A cheap, high-recall “verify, don’t claim” hook should make a capable model resolve a paradox it would otherwise walk past — and the lift should be largest where the base model is weakest.
The probe is the carwalk riddle: “I need to wash my car. The carwash is only 50 m away. Walk or drive?” Trivially, 50 m is a walk — but the car is the thing being washed, so it has to make the trip. The right answer is drive.
Four cells — {opus 4.7, opus 4.8} × {bare, +🔎悖论? hook} — each run n=20 in fresh sessions through freshclaude on the real harness, the hook being freshclaude’s own default system prompt. Every answer was hand-graded by reading it (no keyword classifier — that is what produced the retracted number). Strict grading: a punt to “which kind of wash is it?” counts as not caught.

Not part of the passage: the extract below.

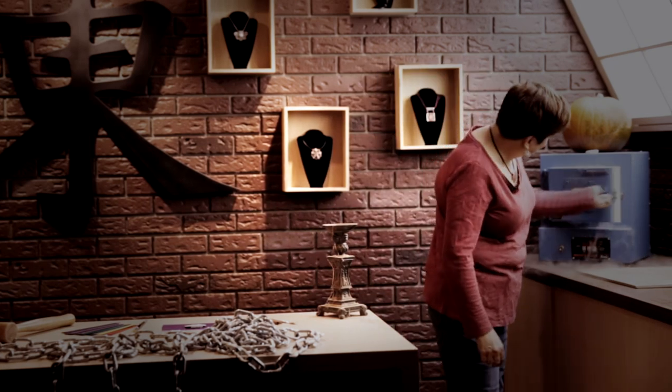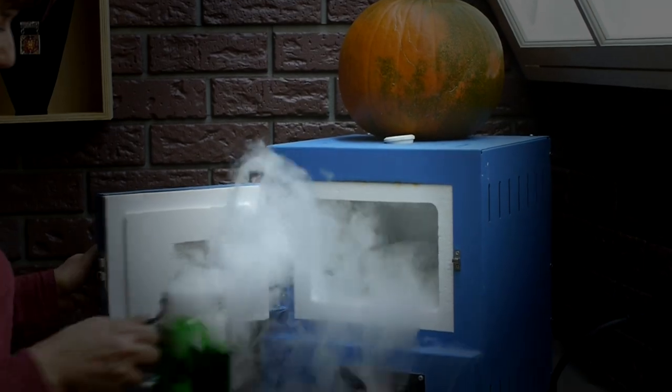Ooh, this is looking good. Shall we give it a try?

| base | bare | + 悖论? hook | lift |
|---|---|---|---|
| opus 4.7 | 20% / 55% | 63% / 95% | +43 / +40 |
| opus 4.8 | 90% / 100% | 95% / 100% | +5 / +0 |
Convention-robust: bare models do miss the paradox (4.7 badly), so “the capability is in the weights” is false. The dumb hook gives a large lift on the weak base (4.7: +43 pts) and a near-zero lift on the strong one (4.8 sits near ceiling). That is the “opus + dumb hook is much smarter” effect — strongest exactly where the model is weakest, the hook standing in for calibration the stronger model has already internalized.
The static code-review bench that came before this floored at zero victory-errors across 64 trials — the failure mode does not occur in short, well-specified review, so that instrument could not test the claim at all. And the only premature-victory event in the whole study was the evaluator’s, not the models’.